Records supplied:
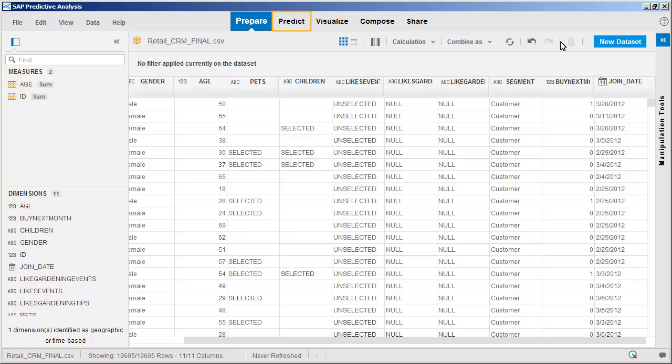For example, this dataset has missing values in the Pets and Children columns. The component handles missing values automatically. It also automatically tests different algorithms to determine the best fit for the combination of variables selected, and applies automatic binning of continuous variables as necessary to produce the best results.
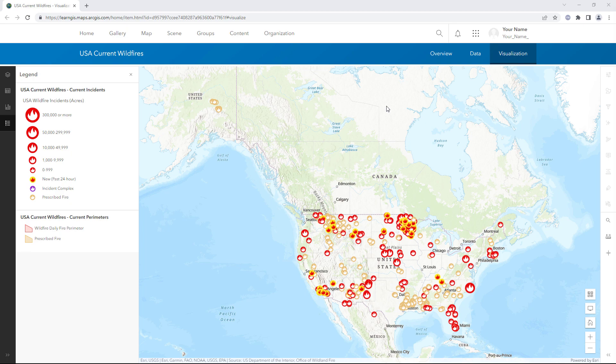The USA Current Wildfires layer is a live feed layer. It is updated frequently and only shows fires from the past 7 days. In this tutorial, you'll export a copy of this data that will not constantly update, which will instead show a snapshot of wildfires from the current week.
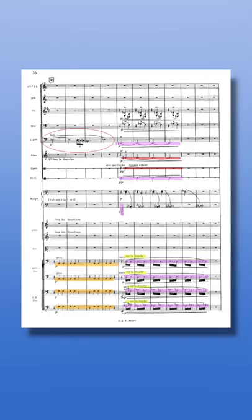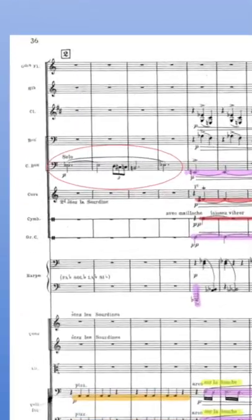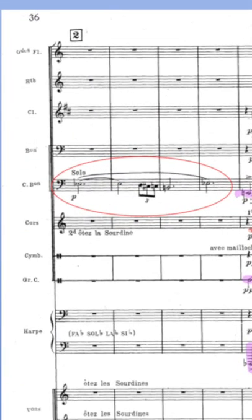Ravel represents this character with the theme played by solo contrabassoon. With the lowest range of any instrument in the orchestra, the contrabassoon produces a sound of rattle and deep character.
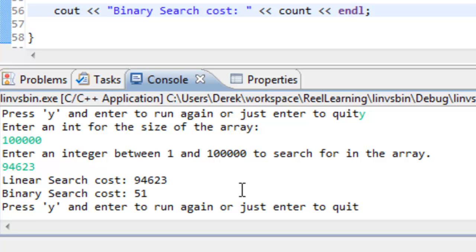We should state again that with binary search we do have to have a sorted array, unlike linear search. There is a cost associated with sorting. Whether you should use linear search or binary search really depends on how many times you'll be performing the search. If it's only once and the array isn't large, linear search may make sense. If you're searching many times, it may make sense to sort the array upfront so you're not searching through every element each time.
...
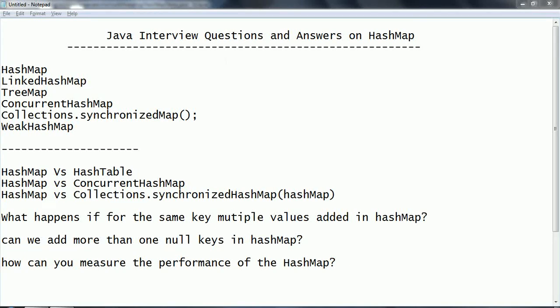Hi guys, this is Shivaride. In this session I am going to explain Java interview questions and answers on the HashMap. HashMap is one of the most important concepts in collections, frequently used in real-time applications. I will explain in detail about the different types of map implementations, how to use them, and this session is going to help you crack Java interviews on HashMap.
==
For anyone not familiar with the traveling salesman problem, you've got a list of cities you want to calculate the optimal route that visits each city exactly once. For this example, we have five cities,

Your assignment:
Look back over the records above. Reproduce exactly everything from the line with "For example, this" down to the line with "The USA Current", inclusive, and leave the pictures out.

Result of this task:
For example, this dataset has missing values in the Pets and Children columns. The component handles missing values automatically. It also automatically tests different algorithms to determine the best fit for the combination of variables selected, and applies automatic binning of continuous variables as necessary to produce the best results.
The USA Current Wildfires layer is a live feed layer. It is updated frequently and only shows fires from the past 7 days. In this tutorial, you'll export a copy of this data that will not constantly update, which will instead show a snapshot of wildfires from the current week.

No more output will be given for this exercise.